Start of Block
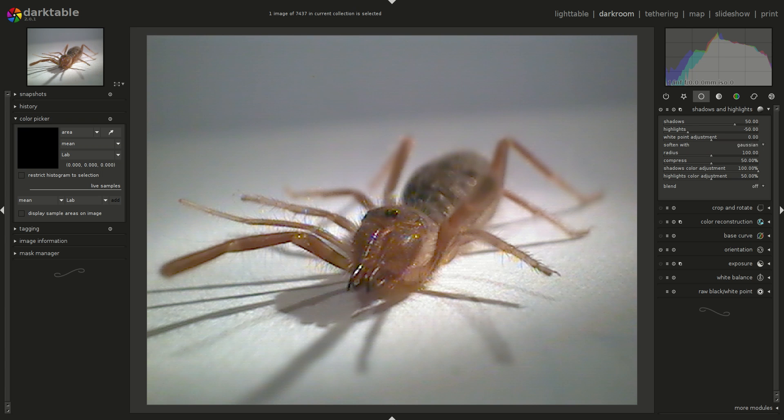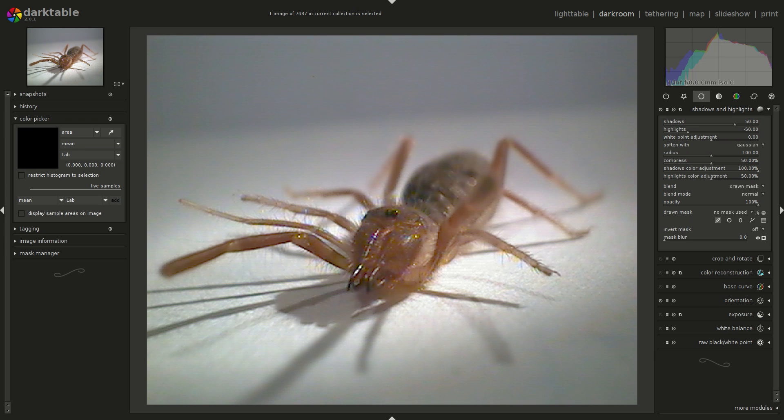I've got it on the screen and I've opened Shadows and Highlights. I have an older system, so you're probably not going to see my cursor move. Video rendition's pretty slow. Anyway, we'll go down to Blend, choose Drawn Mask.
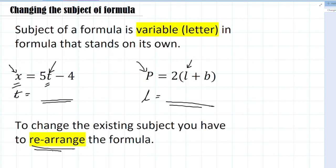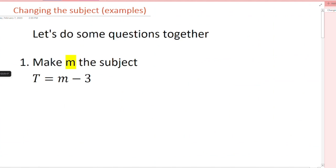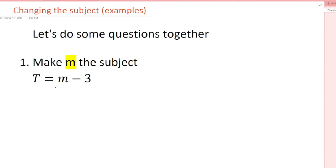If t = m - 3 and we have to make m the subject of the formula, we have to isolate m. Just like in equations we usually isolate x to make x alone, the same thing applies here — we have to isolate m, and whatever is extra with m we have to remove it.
End of Block
Start of Block
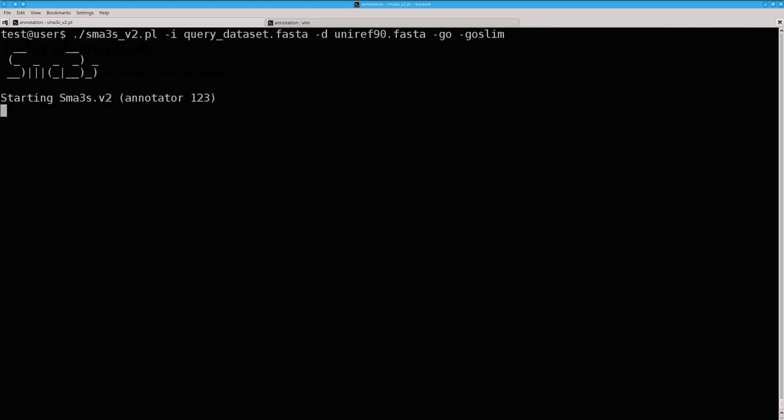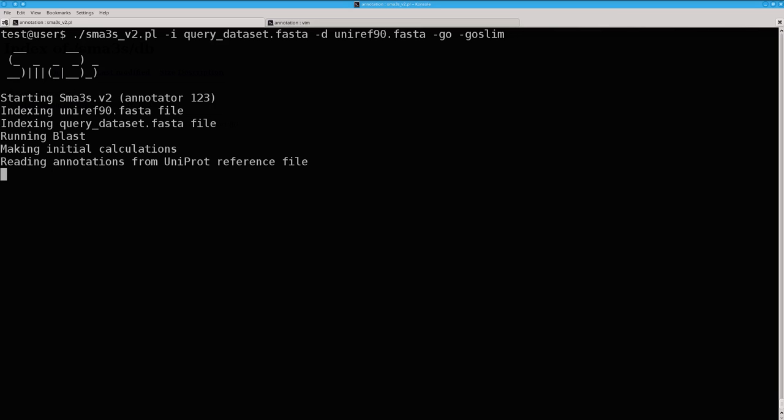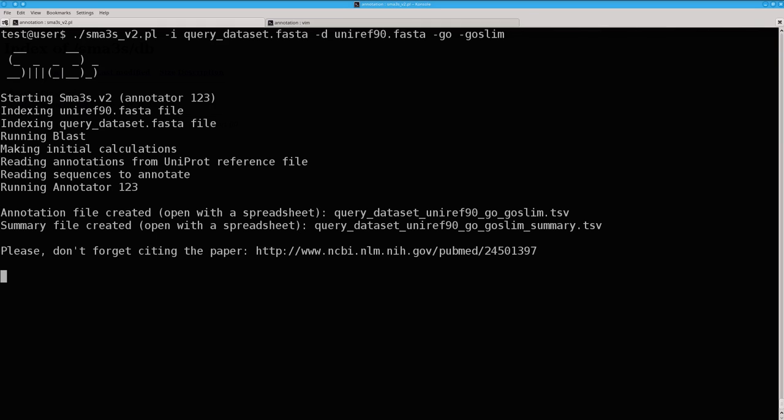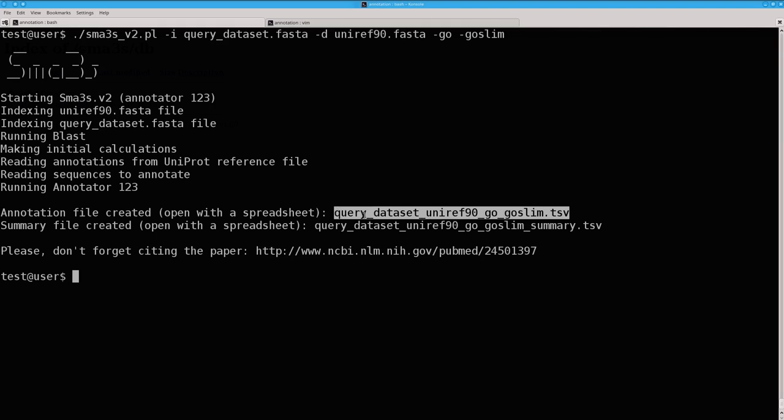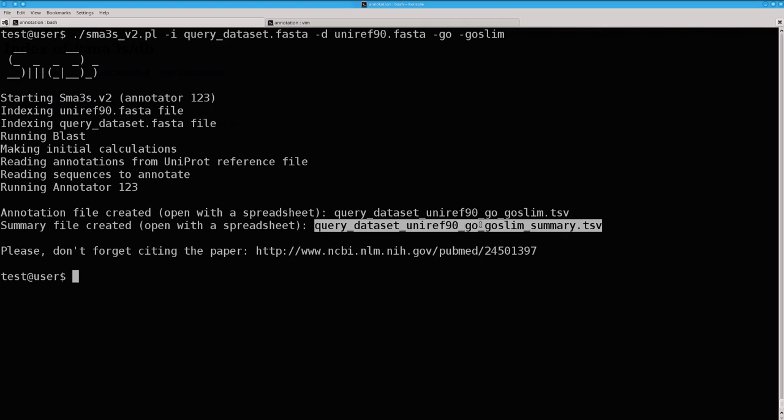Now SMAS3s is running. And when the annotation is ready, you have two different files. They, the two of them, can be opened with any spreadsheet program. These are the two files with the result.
End of Block
Return exactly the lines of the material above, starting at the line containing "I've got it" and finishing at the line containing "If t = m - 3", without any pictures.

I've got it on the screen and I've opened Shadows and Highlights. I have an older system, so you're probably not going to see my cursor move. Video rendition's pretty slow. Anyway, we'll go down to Blend, choose Drawn Mask.
If t = m - 3 and we have to make m the subject of the formula, we have to isolate m. Just like in equations we usually isolate x to make x alone, the same thing applies here — we have to isolate m, and whatever is extra with m we have to remove it.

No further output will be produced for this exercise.